4.If I enable hyper thread, don't set emulator fifo priority, only set vcpu isolation and priority. The guest also got hung. (Juri already on test server and HT already set. Wait he release server, I can provide test info. )

Comment 1 Pei Zhang 2021-04-15 10:54:08 UTC
Hello Minxi, 

Does this testing scenario works with libvirt and disabling HT? As customers use kvm-rt from libvirt layer. And I think we suggest users to disable HT for the KVM-RT for the performance guarantee.Thanks.

Best regards,

Pei

Comment 2 mhou 2021-04-15 11:20:11 UTC
Hello Pei

I thought when using libvirt to start a guest, it will work as well. It just occurs when using qemu. From the perspective of qemu, this situation will be encountered regardless of whether HT is turned off.

Comment 3 Luiz Capitulino 2021-04-15 20:56:29 UTC
(In reply to mhou from comment #2)
> Hello Pei
> 
> I thought when using libvirt to start a guest, it will work as well. It just
> occurs when using qemu. From the perspective of qemu, this situation will be
> encountered regardless of whether HT is turned off.

Do you mean that it works with libvirt? We only support running qemu via libvirt.
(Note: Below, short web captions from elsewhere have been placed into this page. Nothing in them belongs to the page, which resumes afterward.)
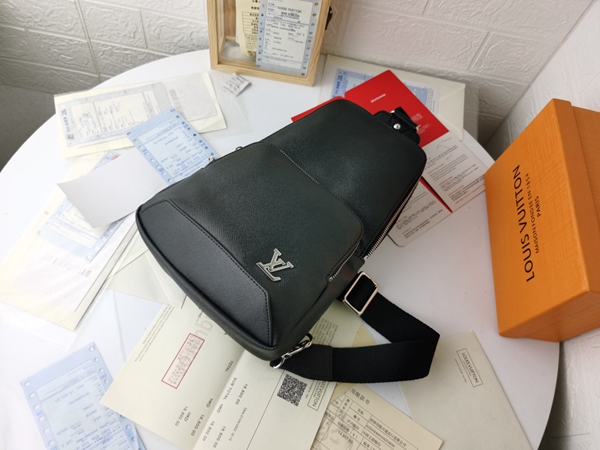 ルイヴィトンバッグ細部ディテール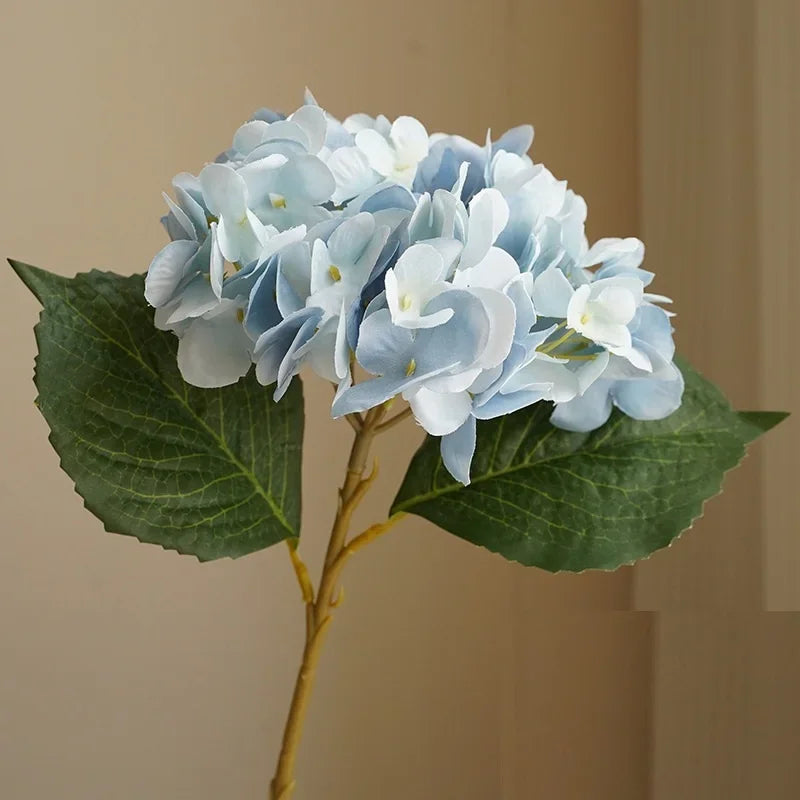 bouquet artificiel hortensia vert clair blanc rose pâle bleu clair moderne minimalisteintérieur decoration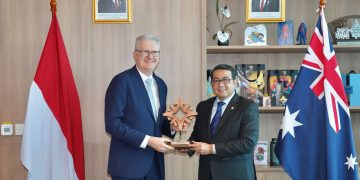 Menteri Ekonomi Kreatif/Kepala Badan Ekonomi Kreatif (Ekraf), Teuku Riefky Harsya (kanan) bersama Menteri Urusan Seni Australia Anthony Stephen Burke di Autograph Tower, Jakarta, Rabu (28/1/2026). (Foto: Istimewa)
Comment 4 mhou 2021-04-16 09:50:22 UTC
Actually, I still can't find an easy way to convert test qemu cmd[1] to XML file. As per talk with Pei, Pei already doing enough tuning test on libvirt. So I thought when using libvirt to start a guest, it will work as well. 

test qemu cmd[1]
/bin/bash -c "sudo -E taskset -c 23,24,25,26,27,28,29,30,31 /usr/libexec/qemu-kvm -name test,debug-threads=on -m 8192 -machine q35,accel=kvm,usb=off,vmport=off,dump-guest-core=off,kernel_irqchip=split -overcommit mem-lock=on -smp 9,sockets=9,cores=1,threads=1 -cpu host,migratable=on,tsc-deadline=on,pmu=off -drive if=ide,file=rhel8.3-vsperf-4Q-noviommu.qcow2 -boot c --enable-kvm -monitor unix:/tmp/vm0monitor,server,nowait -object memory-backend-file,id=mem,size=8192M,mem-path=/dev/hugepages,share=on,prealloc=yes,host-nodes=0,policy=bind -numa node,cpus=0-8,nodeid=0,memdev=mem -nographic -vnc :0 -name Client0 -global kvm-pit.lost_tick_policy=delay -no-hpet -sandbox on,obsolete=deny,elevateprivileges=deny,spawn=deny,resourcecontrol=deny -msg timestamp=on -snapshot -net none -no-reboot -chardev socket,id=char0,path=/var/run/openvswitch/dpdkvhostuserclient0,server -netdev type=vhost-user,id=net1,chardev=char0,vhostforce,queues=4 -device virtio-net-pci,mac=00:00:00:00:00:01,netdev=net1,csum=off,mrg_rxbuf=off,gso=off,guest_tso4=off,guest_tso6=off,guest_ecn=off,rx_queue_size=1024,mq=on,vectors=10 -chardev socket,id=char1,path=/var/run/openvswitch/dpdkvhostuserclient1,server -netdev type=vhost-user,id=net2,chardev=char1,vhostforce,queues=4 -device virtio-net-pci,mac=00:00:00:00:00:02,netdev=net2,csum=off,mrg_rxbuf=off,gso=off,guest_tso4=off,guest_tso6=off,guest_ecn=off,rx_queue_size=1024,mq=on,vectors=10"

Comment 5 Luiz Capitulino 2021-04-16 16:02:40 UTC
(In reply to mhou from comment #4)
> Actually, I still can't find an easy way to convert test qemu cmd[1] to XML
> file. As per talk with Pei, Pei already doing enough tuning test on libvirt.
> So I thought when using libvirt to start a guest, it will work as well. 

Hi Minxi,

Thanks a lot for this testing and for filing the BZ! It's important that we
know about possible bugs, especially crashes and hung tasks.

As it turns out, we only support running QEMU through libvirt. If you think
this will work via libvirt, would it make sense to close the BZ? Or, we could
keep it open but we'd need to convert your command-line to a working XML file
and try to reproduce with libvirt and a proper KVM-RT configuration.

PS: I'm changing priority to low since we have the expectation this will
work under libvirt.